New Orleans to Houma #55

Wednesday, June 12

Today is our daughter Jenny's 26th birthday. She is big in our thoughts today. She lives in Portland, Oregon where she has completed her second year of law school. We are very proud of her.

We left at 4:20 a.m. this morning hoping to get through New Orleans before traffic got too heavy. It was a beautiful ride through the city.

 
 
 
At some point Ralph added more fuel.

We had two locks to go through….one before we got into the Mississippi River through New Orleans and one when we left the Mississippi and returned to the ICW.

The first one, the Industrial Canal Lock, we had to wait our turn behind a very large barge. Then we went in behind the next large barge. We tied up to the back of the barge. The excitement came when the barge started up his engines to exit the lock. He made an incredible wake and we found ourselves wheeling in circles, the captain driving excitedly forward and reverse trying to keep us from hitting anything. Stephen and Arlene ran from port to starboard with boat hooks also trying to keep us from hitting anything. We regret we did not get a video. It was more exciting than any amusement park ride. We, by the way, did not hit anything.

 

The next lock was less eventful. We got to go in immediately and had the entire lock to ourselves. However, after the lock opened we had to wait a long time on a railroad bridge that had opened for a train. Eventually the train came and our trip resumed.

One more basculle bridge to go.
 

By now it was 9:30 a.m. and we were all hungry. Arlene cooked a big breakfast with ham, fruit and pancakes. Before we got to eat there was a slight delay. We had picked up a stray line on our port prop. We had to tie up to a nearby parked barge ( no small feat) and Ralph got into the water to free the obstruction.

After that, breakfast was especially delicious.

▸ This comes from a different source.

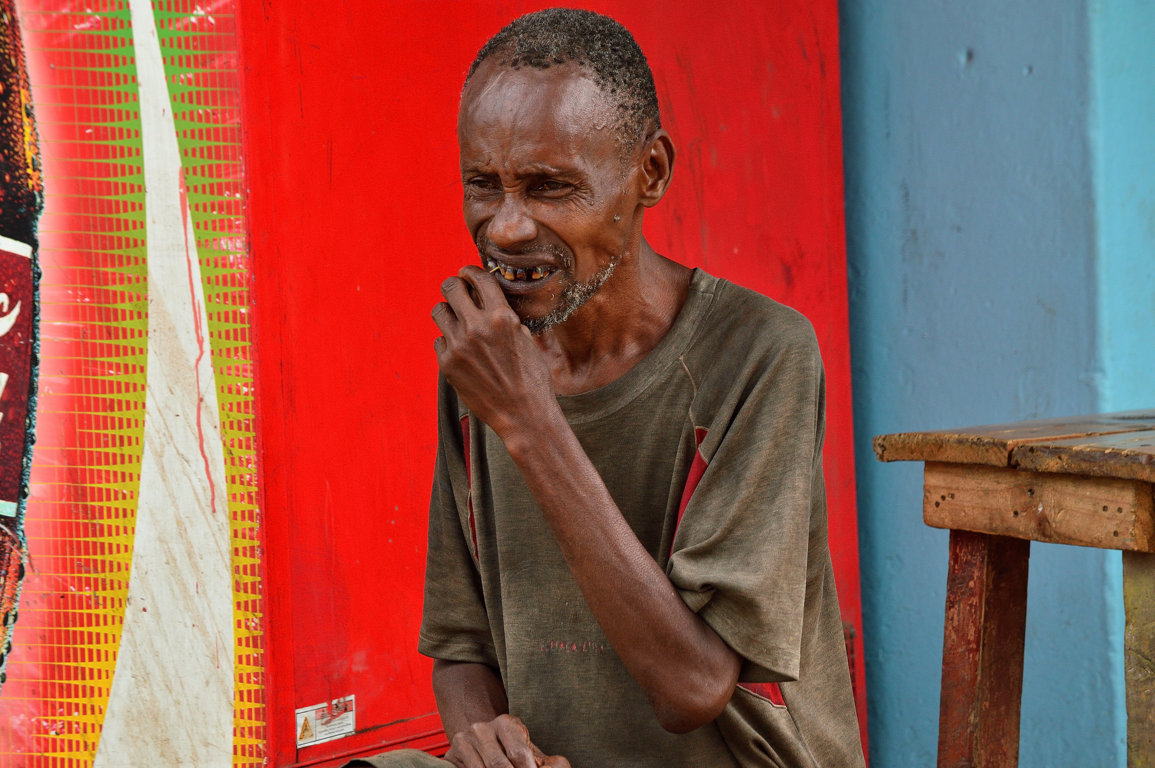 Something under his breath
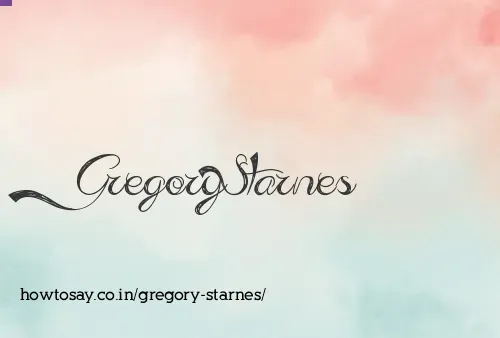 Gregory Starnes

We spent the rest of the afternoon motoring peacefully down the ICW. We know we're getting close to home. It's really hot in the afternoons now. We're again grateful that we have the shore powered AC for our evenings rest.

We traveled west through the swamplands of Louisiana. There was lots of debris in the water. Much of it was a plant named Hyacinth that seemed to be spreading everywhere. There were also lots of logs and sticks. We had to be careful driving through the debris as well as make frequent checks of the engines to be sure they were clear of the floating grasses.

We saw lots of industry and many cranes along the way.

We also saw many barges and tugboats. The tugboats all monitored Channel 13 on the VHF as did we. They all identified themselves, their location and the direction of their travel to each other. Ralph did the same, letting them know who we were and where we were going.

We were really happy to see a rain cloud appear before us. We welcomed the relief from the hot sun. The rain never came, but it was definitely cooler for the rest of the afternoon.

We passed several bridges. One of them was a pontoon bridge. It looked almost like a barge itself. This was the first bridge of this sort we had seen in our travels. We also went through a swing bridge.

 

We arrived in Houma at 6:30 p.m. It was a lovely tie up by a city park with electricity and water with a nice restaurant nearby.

Life is good.

Fair winds,

Franci and Stephen

 

1 thought on “New Orleans to Houma #55

  1. The San Jacinto River was named after the hyacinth, and it flourished in abundance on Lake Conroe with its lovely purple flowers, until they introduced the white amur (grass carp), which ate every single thing that was green in the lake. I have spent plenty of time removing it from outboard props. (Not as bad as hydrilla, though.)